Mais tarde, bastante mais tarde, em vésperas de ir para a tropa, andávamos todos "ganzados" com os charros de haxixe ou de óleo (porque a erva escasseava), e repudiávamos os poucos exemplos de consumo e consumidores de droga (das drogas duras), que conhecíamos.
Lembro-me que nos tempos da Secundária, um dia o S. levou uma seringa e um ampola de uma coisa qualquer e disse tratar-se de anfetaminas. Foi um gozo. A sacola foi jogada de mão em mão e acabou no chão, com todos a dançarem em cima. Éramos muito puritanos. Quer dizer, éramos mais do tipo conservador: ou fumas uns charros, ou tás quieto e não te metes em nada! Logo a seguir à tropa a malta voltou com as ideias mais aconchegadas e sentimos uma certa apreensão ao ver putos de doze e treze anos a injectarem, à noite, na rua.
As vidas têm uma corda que as puxam, invariavelmente, pelos caminhos antes percorridos por outras gerações, que é como quem diz: os dias sucedem-se às noites e estas, àqueles.
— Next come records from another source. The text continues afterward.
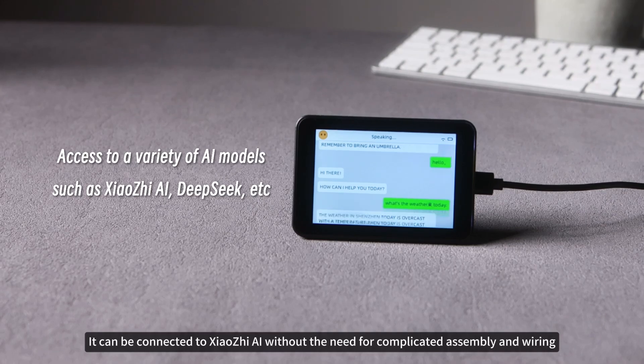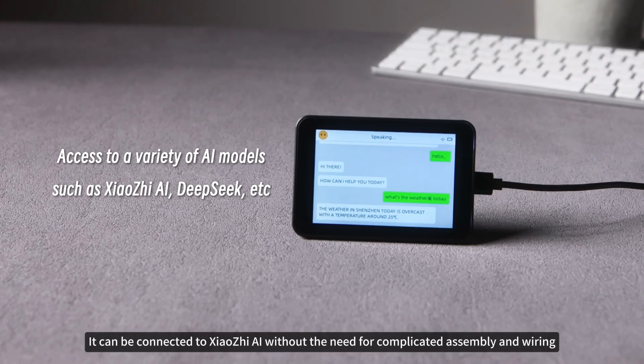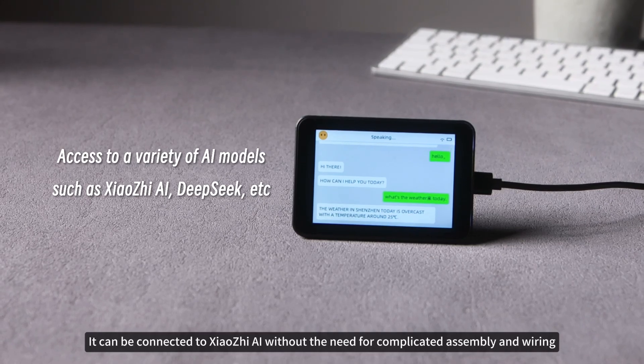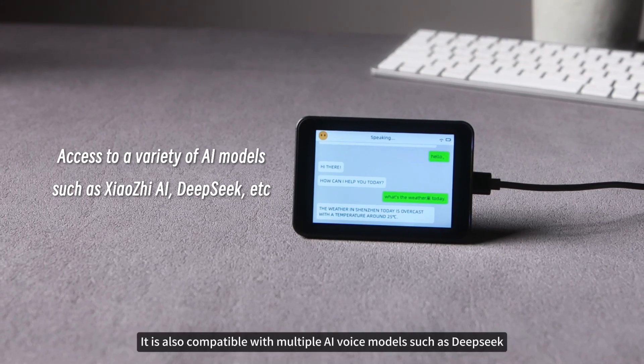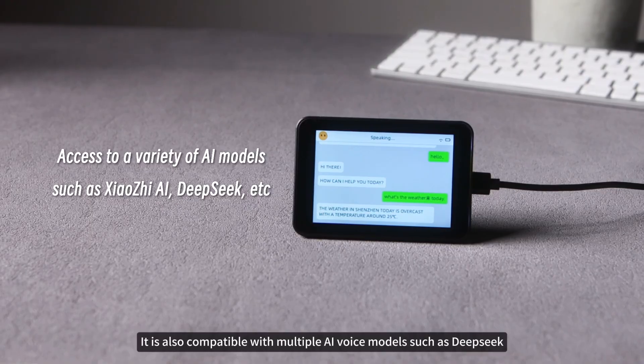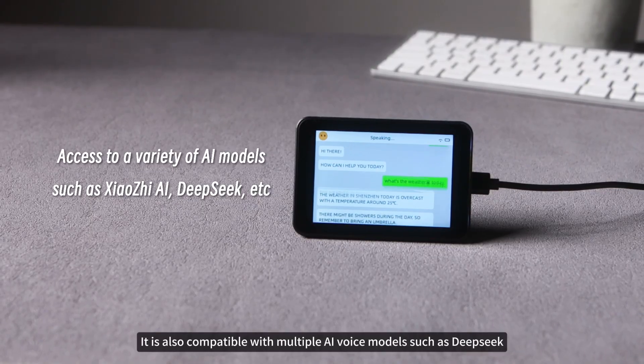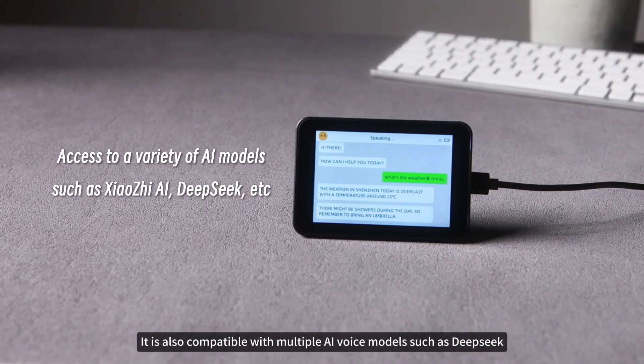AI voice interaction is simple and convenient. It can be connected to Xiaozhi AI without the need for complicated assembly and wiring, and is also compatible with multiple AI voice models such as DeepSeek.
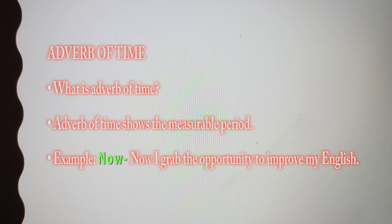Next, adverb of time. What is adverb of time? Adverb of time shows the measurable period. Example: 'now.' If we use it in a sentence: 'Now, I grab the opportunity to improve my English.'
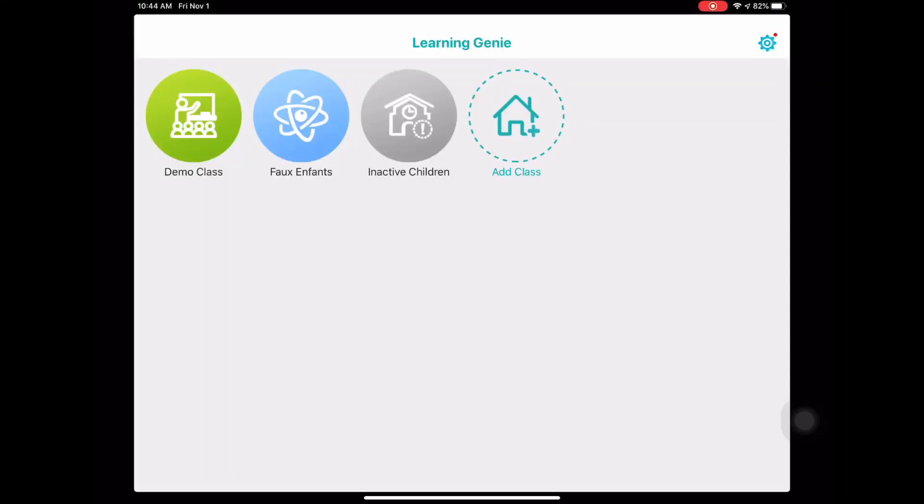Hello everybody, welcome back to our channel. Today I'm going to show you how to create an observation for one specific child. Let's use the demo class and dive right in.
E, de repente, damos conta que temos filhos, um clube de futebol ou recreativo, um computador, a tv cabo e que, na rua (e não só à noite), as coisas mudaram radicalmente. Onde ficaram aqueles rituais do xilom de água? Onde estão os jovens de olhos vivazes e alegria ampliada pela "pedra", os fumadores dos impressionantes "canhões" ou dos tradicionais "charros"?
As coisas mudaram completamente. As drogas de hoje são verdadeiramente drogas, capazes até, desconfio, de exterminarem algumas pragas de escaravelhos ou outros insectos pseudo-nocivos. Hoje, os apanhados pelo "pó" andam inchados como o peixe balão que está no Museu. O olhar já não é vivaço, os olhos parecem lanternas de arrumador de cinema, iluminados por lâmpadas de quatro volts e meio, das pequeninas. Da alegria, não sei.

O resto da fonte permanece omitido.